Despite Trump's allegedly having a 4 handicap and owning scores of golf courses ("the best in the world"), he plays about as straight as a corkscrew. When Alice Cooper was asked who is the worst celebrity golf cheat he's ever played with, he responded, "I played with Donald Trump one time. That's all I'm going to say."
Sportswriter Rick Reilly, who played golf with Trump for his book Who's Your Caddy?, gave Trump an 11 on a 10-point cheating scale, telling the Post that Trump fabricated scores on his scorecard, called gimmes on chip shots, and conceded putts to himself by raking his ball into the hole rather than actually putt-ing. "He rakes like my gardener!" Reilly said.
When Mark Mulvoy, then-managing editor of Sports Illustrated, played golf with Trump in the mid-'90s, the two were forced to take cover when a storm rolled in. After the rain subsided, Mulvoy returned to the green to see a ball that he didn't remember 10 feet away from the pin. When he asked whose ball it was, Trump replied, "That's me."
"Give me a f—ing break," Mulvoy told Trump. "You've been hacking away in the .  .  . weeds all day. You do not lie there." According to Mulvoy's recollection to the Post, Trump responded: "Ahh, the guys I play with cheat all the time. I have to cheat just to keep up with them."
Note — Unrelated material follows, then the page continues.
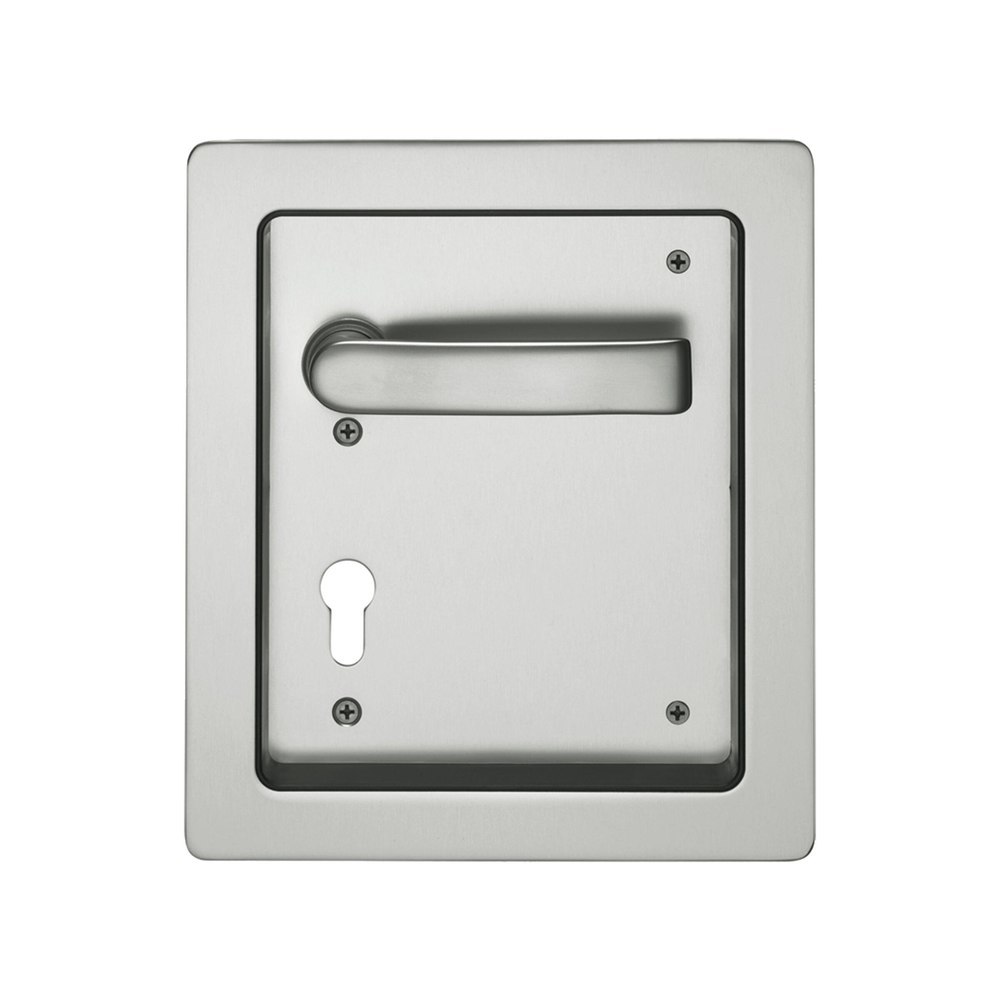 FSB sports-hall fitting 77 7952, 230x200, for rosette, profile cylinder drilled 72, DIN right, 9 mm, stainless steel fine matt, door thickness 55 mm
Trump, for his part, denied knowing who Mulvoy is, claimed never to have played with Alice Cooper, and of Reilly, he said, "I always thought he was a terrible writer. I absolutely killed him, and he wrote very inaccurately."
Maybe. Or maybe cheating jibes with Trump's worldview. As Trump told Timothy O'Brien in TrumpNation: The Art of Being the Donald: "If you don't win, you can't get away with it. And I win, I win. I always win. In the end, I always win, whether it's in golf, whether it's in tennis, whether it's in life."
II. Needy or Greedy?
Back in the olden days of the 1980s and early '90s, before every snarky 22-year-old with a Twitter account and a dream became a satirist, ridiculing public figures was mainly left to the professionals. And nobody did it better than Spy magazine, which treated Donald Trump like a piƱata with a comb-over.
In an exhaustive survey of the late Spy's archive, Bloomberg's Andre Tartar found that Spy mentioned Trump an average of 8.7 times per issue in its first 50 issues. What they called him wasn't pretty: a well-fed condo hustler, an ugly cuff-link buff, a close-friend-free millionaire, a Forbes 400 dropout. The most frequent and hurtful insult of all was "short-fingered vulgarian."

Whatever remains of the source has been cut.